日本の林で再びマツタケを増やすには「人工栽培」の方法を確立することが決め手となる。
後篇では、茨城県林業技術研究センターの小林久泰氏に、同センターのマツタケ人工栽培の研究の道のりを聞く。長く険しい道のりを、研究者たちは今なお歩き続けている。
マツタケの人工栽培化の研究は、苦闘と挫折の連続だった。マツタケの世界に人の手を加えるのは、とても難しいことなのだ。
マツタケの人工栽培はなぜ難しいのか。
主な理由に挙げられるのは、マツタケは生きている木の根でしか成長しないということだ。シイタケやエノキダケは死んだ木も自分たちの棲み処にする。対して、マツタケは、マツが光合成でつくりだす栄養をつねに受けながら生きる。マツとマツタケという、生きているものどうしの関係の中に、人が手を入れて成長を促すのは簡単なことではない。

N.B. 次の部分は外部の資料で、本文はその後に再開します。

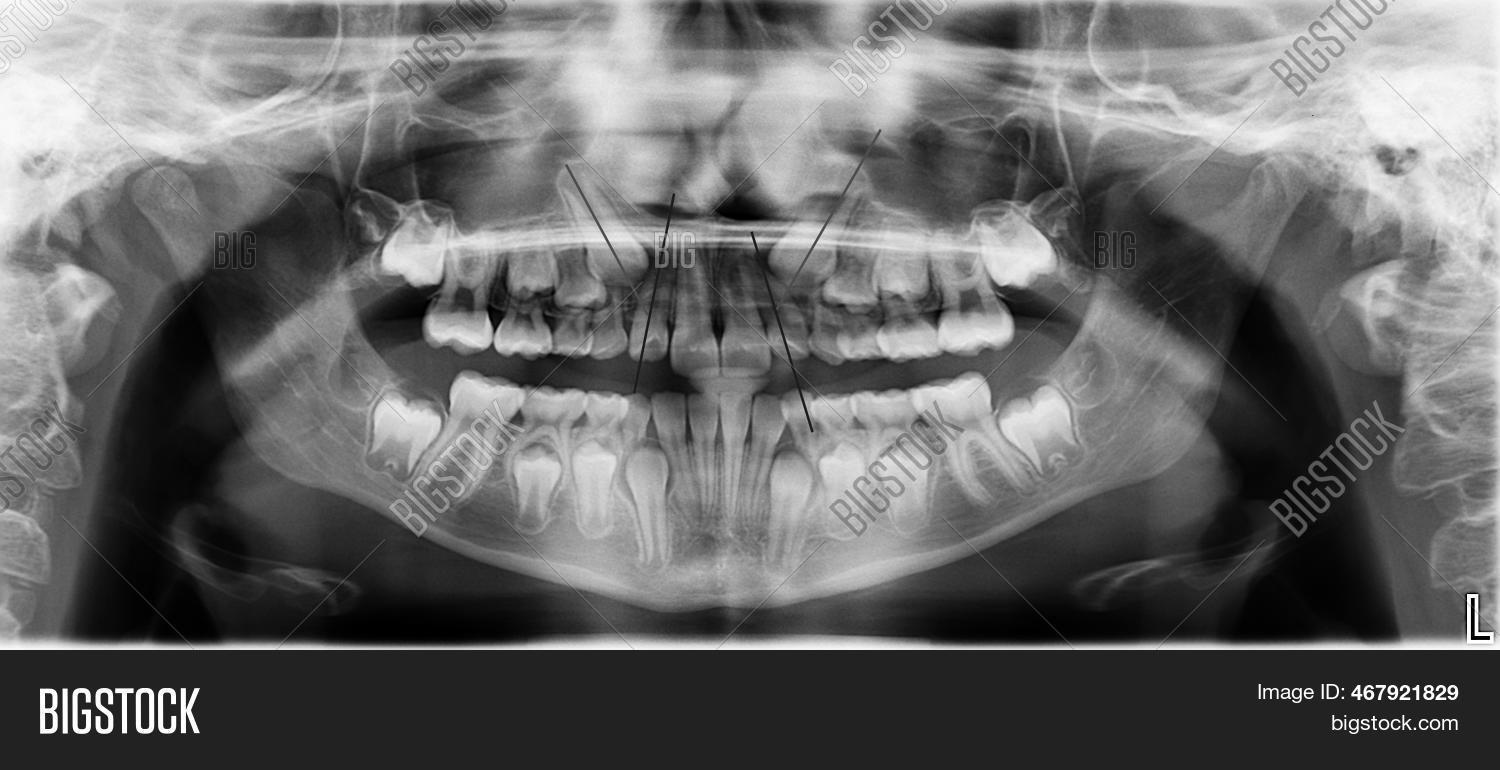 Dentist Xray Little Image & Photo (Free Trial) Bigstock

100年以上になるマツタケ研究の歴史があるにもかかわらず、人工栽培の方法が確立されていないという点からも、その難しさがうかがえる。
苗づくり、植え付け、菌の増殖という3つのステップ
至難の業のマツタケ人工栽培に挑み続けている研究機関は多い。その1つが、茨城県林業技術センターだ。1991年に「きのこ特産技術センター」を設置し、マツタケの人工栽培のための研究を本格化させた。今は、97年から20年間にわたる長い計画研究の最中にある。

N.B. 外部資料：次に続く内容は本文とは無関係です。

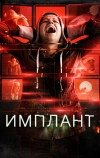 Имплант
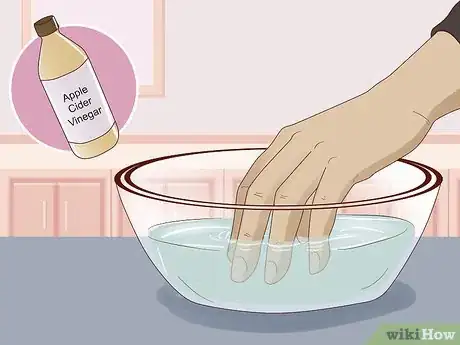 Imagen titulada Make Your Fingers Hard for Guitar Step 8.jpeg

同センターは、マツタケの人工栽培について、明確なステップを掲げている。それは、「苗づくり」「植え付け」「菌の増殖」という3つからなる。
まず、マツタケの菌が感染したマツの苗を人工的につくる。そして、それをマツ林に植えてマツタケ菌を定着させる。最終的に、マツ林に「シロ」とよばれる“マツタケ安住の地”をつくりだす。これが3つのステップだ。